The Kamal Hassan-Vani Ganpathi marriage broke up when Sarika came on the scene. Sarika took her liberation further: her daughter Shruti was born in 1986, out of marriage. So she married Kamal only after their second daughter Akshara was born five years later. She wanted both children to have the same birth status
Do you believe God created the world? Then you will note some traits of His character in the earth we live in: it’s a world of perfect order – day follows night, seasons follow each others, the sun never goes on strike, the earth is governed by natural laws.

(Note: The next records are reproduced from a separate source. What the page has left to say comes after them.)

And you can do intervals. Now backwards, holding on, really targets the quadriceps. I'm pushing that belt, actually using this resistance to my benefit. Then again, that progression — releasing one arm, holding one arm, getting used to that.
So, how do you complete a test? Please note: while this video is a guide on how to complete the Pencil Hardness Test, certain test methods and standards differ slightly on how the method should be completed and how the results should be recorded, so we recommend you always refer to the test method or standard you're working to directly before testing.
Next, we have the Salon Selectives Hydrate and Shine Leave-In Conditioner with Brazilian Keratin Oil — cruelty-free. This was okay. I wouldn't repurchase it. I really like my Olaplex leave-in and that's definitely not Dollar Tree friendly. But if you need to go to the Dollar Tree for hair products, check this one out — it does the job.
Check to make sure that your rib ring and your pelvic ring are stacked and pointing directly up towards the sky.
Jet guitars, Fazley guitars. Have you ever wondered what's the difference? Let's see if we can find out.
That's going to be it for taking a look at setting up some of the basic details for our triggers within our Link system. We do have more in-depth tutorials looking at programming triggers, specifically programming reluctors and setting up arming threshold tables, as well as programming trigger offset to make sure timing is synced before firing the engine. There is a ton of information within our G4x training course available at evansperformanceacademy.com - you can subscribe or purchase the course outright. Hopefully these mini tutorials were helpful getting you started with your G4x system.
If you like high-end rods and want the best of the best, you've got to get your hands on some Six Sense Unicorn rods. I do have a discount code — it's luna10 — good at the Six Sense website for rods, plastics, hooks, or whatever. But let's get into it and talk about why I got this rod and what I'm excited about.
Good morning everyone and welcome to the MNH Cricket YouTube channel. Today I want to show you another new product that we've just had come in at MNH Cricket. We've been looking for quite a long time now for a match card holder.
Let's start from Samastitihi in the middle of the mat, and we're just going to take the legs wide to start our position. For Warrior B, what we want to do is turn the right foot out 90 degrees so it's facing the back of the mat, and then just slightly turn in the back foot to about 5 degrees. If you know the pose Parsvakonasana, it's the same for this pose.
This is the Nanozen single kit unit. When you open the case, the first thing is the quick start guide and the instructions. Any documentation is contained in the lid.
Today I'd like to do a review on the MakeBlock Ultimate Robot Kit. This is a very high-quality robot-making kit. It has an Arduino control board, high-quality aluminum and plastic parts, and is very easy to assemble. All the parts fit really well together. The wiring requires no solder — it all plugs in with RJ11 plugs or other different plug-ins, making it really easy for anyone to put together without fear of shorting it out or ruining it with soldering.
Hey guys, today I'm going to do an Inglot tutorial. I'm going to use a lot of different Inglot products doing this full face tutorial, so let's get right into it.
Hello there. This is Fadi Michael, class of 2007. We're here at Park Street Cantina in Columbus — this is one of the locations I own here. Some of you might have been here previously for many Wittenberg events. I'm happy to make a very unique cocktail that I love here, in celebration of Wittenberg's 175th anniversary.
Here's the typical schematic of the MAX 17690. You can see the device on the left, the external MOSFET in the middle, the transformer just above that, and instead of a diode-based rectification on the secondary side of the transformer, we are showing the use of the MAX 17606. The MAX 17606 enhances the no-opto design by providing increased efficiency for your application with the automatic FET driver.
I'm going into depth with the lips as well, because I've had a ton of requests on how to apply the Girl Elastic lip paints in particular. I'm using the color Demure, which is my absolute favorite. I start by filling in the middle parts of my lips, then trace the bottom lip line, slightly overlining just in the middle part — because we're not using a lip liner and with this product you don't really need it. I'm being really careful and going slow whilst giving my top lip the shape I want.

Well, if God has been so particular and specific about the natural laws of the universe, imagine how stringent He is about the moral laws that govern the hearts lives of human beings who are created in His image and which have to be lived according to the divinely-inspired rules of civilization.
Twist the rules, and what is likely to happen?
I love the way novelist Wallace Stegner puts it in his novel, All the Little Live Things: “It is the beginning of wisdom when you recognize that the best you can do is choose which rules you want to live by.” He added: “It is persistent and aggravated imbecility to pretend you can live without any.”